Equally, Jora asked from his students a serious, purposeful attitude, a constant, permanent study, a musical ear as close to perfection as possible, a gift for writing melodious music. The maestro was exacting: his students at the Conservatoire went to the exams feeling more than nervous, their tension surpassing even that that the pianists playing in front of Florica Muzicescu experimented. Dinu Lipatti’s exceptional musical qualities, doubled by his breeding, allowed him to "survive” the classes with these two mentors and to form relationships of profound emotion and reciprocal respect (even if he sometimes came back from his lessons with Miss Muzicescu with eyes brimming with tears…).

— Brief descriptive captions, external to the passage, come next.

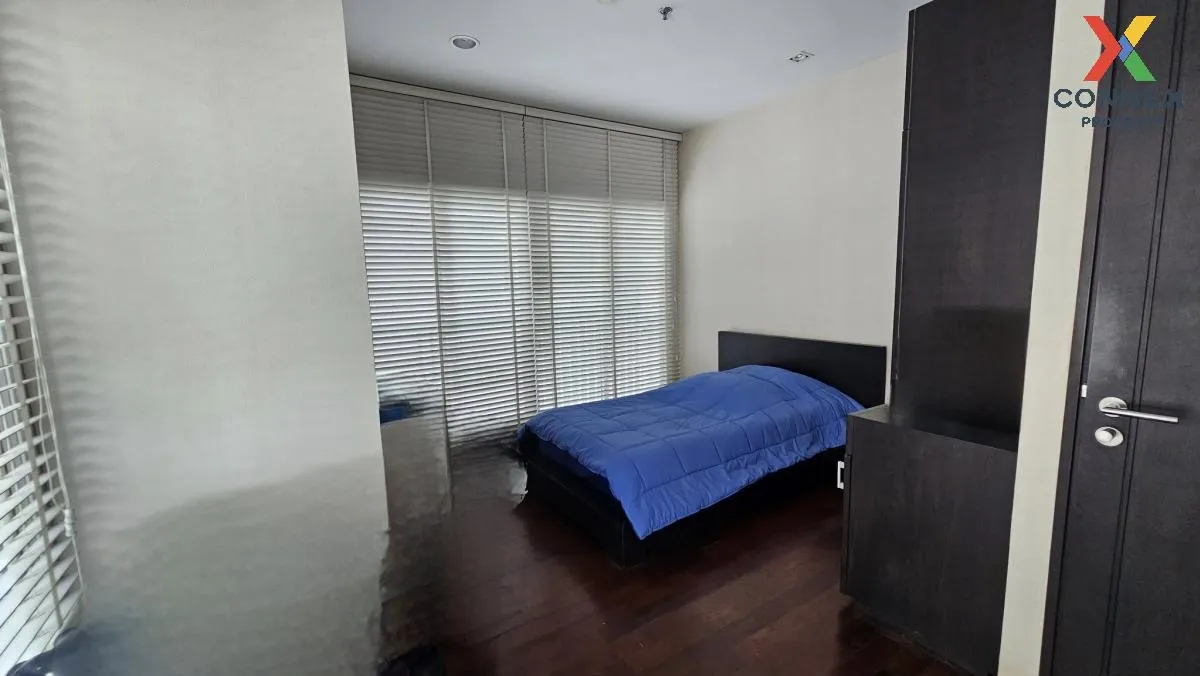 For Sale Condo , Noble Ora Thonglor , BTS-Thong Lo , Khlong Tan N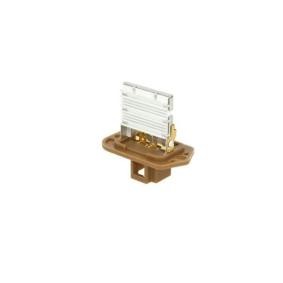 Acquista Resistenza ventola abitacolo da THERMOTEC DE0501TT a buon mercato per soli 14,75 €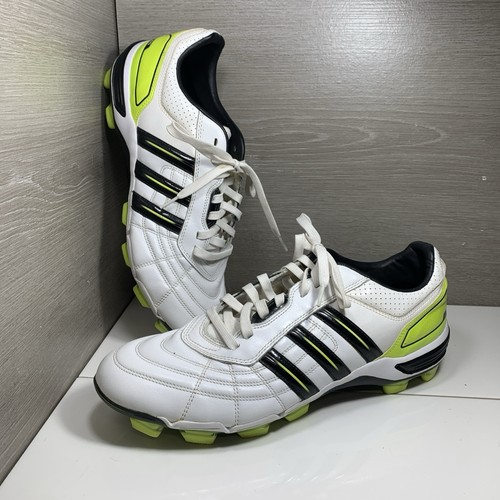 Adidas rugby boots - boots, cleats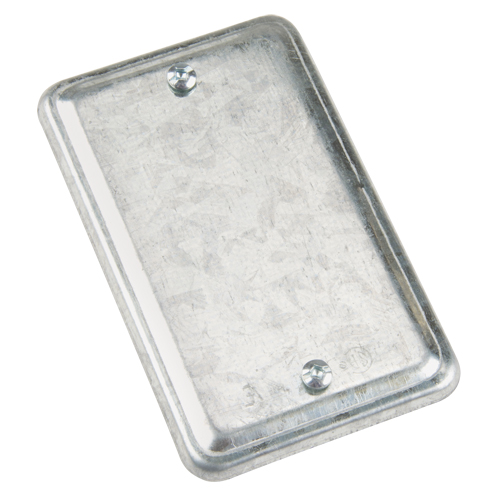 Couvercles pour boîte utilitaire PB Rental Co. Ltd.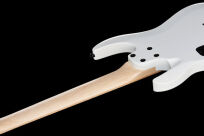 Gitara elektryczna Harley Benton R-457MN WH Progressive Series - 6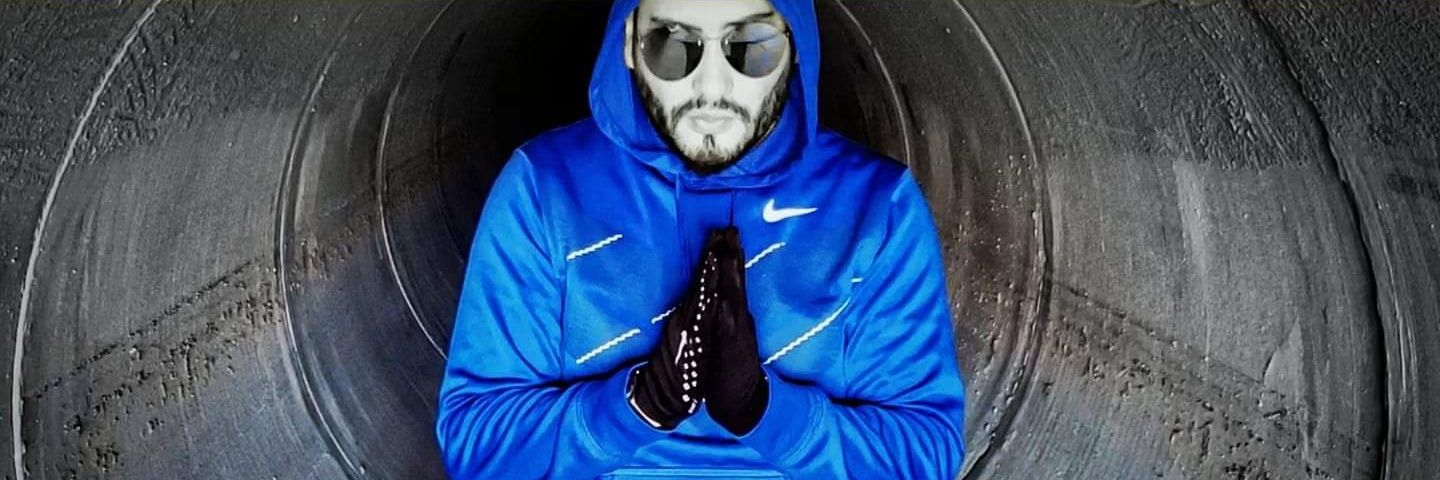 KhaozFlow's profile banner image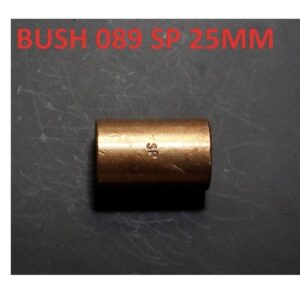 BUSH 089 SP 25MM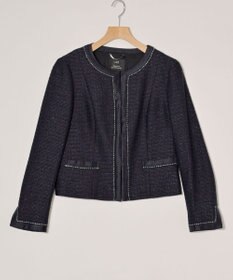 ONWARD Reuse Park 【23区】ジャケット春夏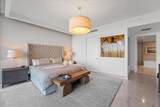 10201 Collins Ave - Photo 14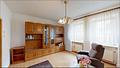 PROVISIONSFREI: Einfamilienhaus in Brachwitz – Ländlicher Charme trifft moderne Anbindung - EG - Wohnzimmer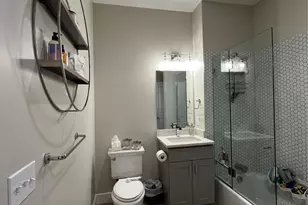 30 Beekman St, Beacon, NY 12508 - Photo 26
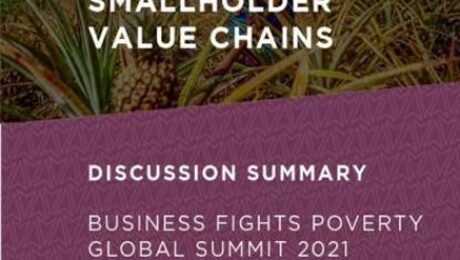 Hidden-Women-Report-Cover-resize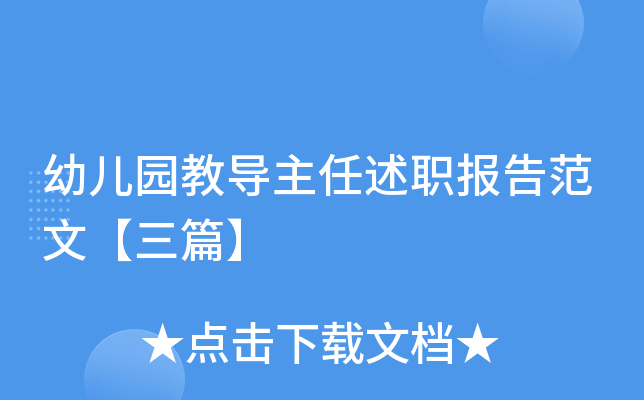 ׃@̌(do)淶ġƪ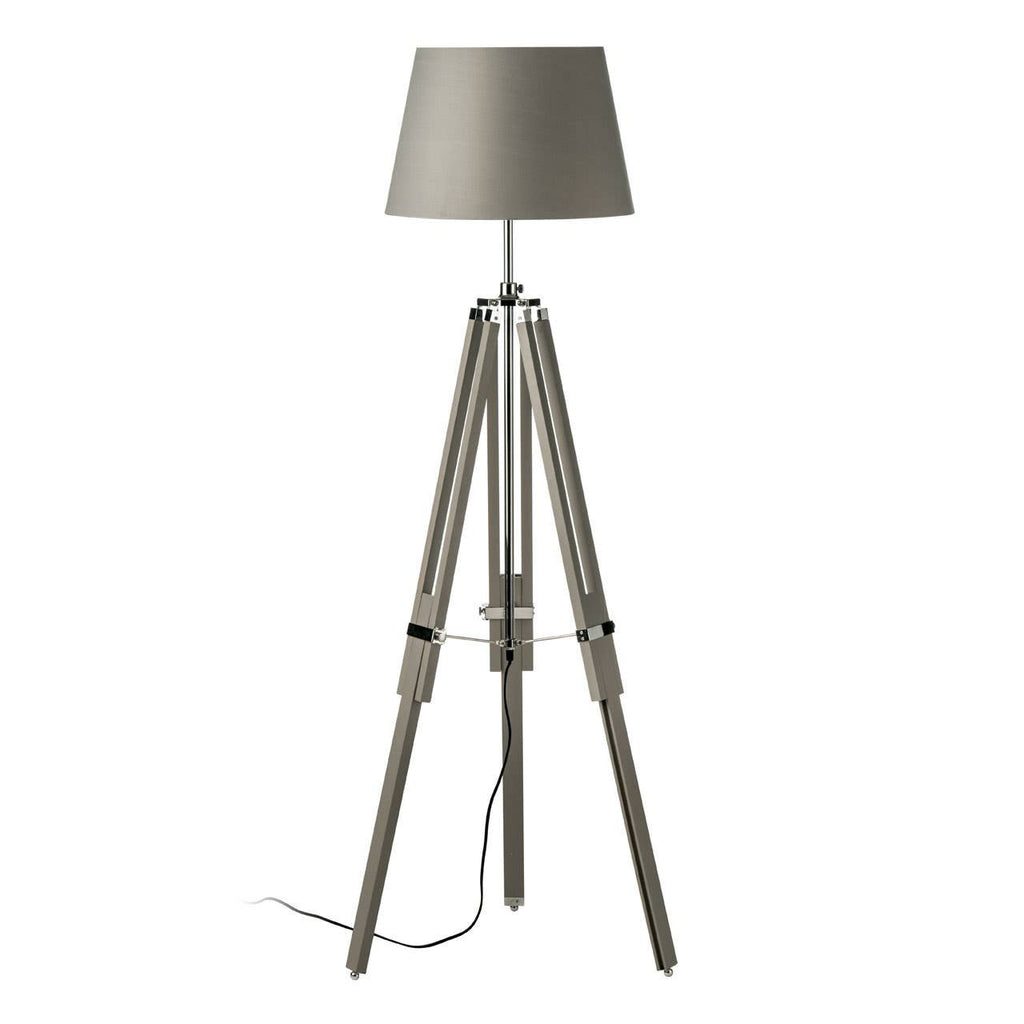 Thorne Floor Lamp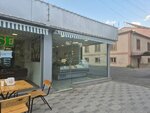 Sar-er (Erebuni Street, 33), cheese shop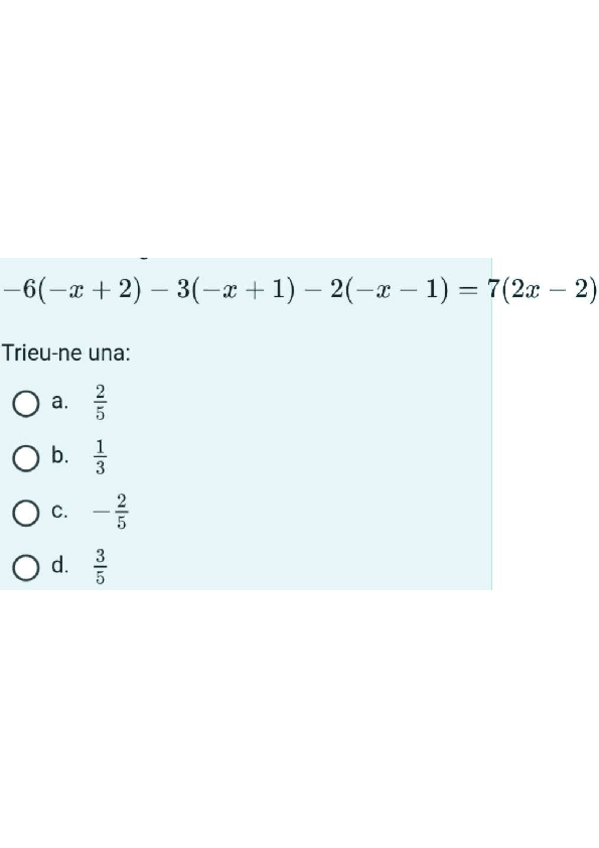 Miniatura del documento Para-practicar-fracciones.pdf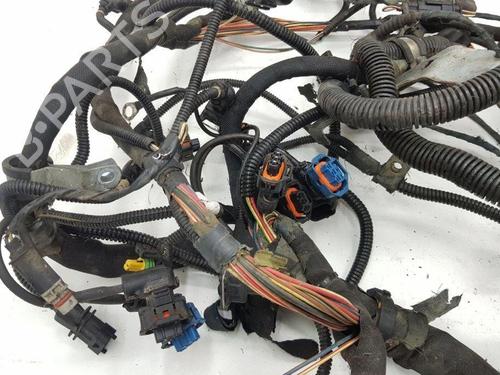 Wiring harness MASERATI QUATTROPORTE V 4.2 | BP28903829E16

Dinu Lipatti structures this school Sonatinaobserving, but not blindly following, his maestro’s observations. We find here elements which Jora seemingly didn’t greatly approve of, even though the work’s main directions respect his teacher’s guidelines.

TheSonatina has two movements, the first one conforming to the sonata form, the second one, a theme and variations.

The theme of the first movement, Allegro moderato, is diatonic, in the e minor natural scale (equivalent of the Aeolian mode). The melody, gradual and mixed, is interrupted only by leaps of thirds. Its range is of a tenth and the culmination is situated on the subtonic (re). The phrase shaping is of particular interest, as it exhibits a divergence of metrical and melodic accents (a manner of avoiding symmetry and quadrature just as Jora asked). Another interesting element is the theme, built on violin - piano unison, something likely "learned” from George Enescu, whose Suite no. 1 op. 9 must have been familiar to him.

The theme to be varied in the second movement, Andantino, reprises almost the same characteristics as the one featured in the first movement: the gradual melody (exhibiting some wider leaps of descending fourths and fifths), the Aeolian mode on mi, the range of a tenth, the diatonic profile of the theme proposed simultaneously by the violin and the chromaticised piano accompaniment. The syntax Lipatti chose here is homophonic, presenting a carol-like melody on the violin and chordal columns on the piano. The variations display the characteristic rhythms of the hora (a Romanian folk dance) and the conclusion brings back the first themes from the first movement in reversed order, thus endowing the work with a cyclical, homogenous character.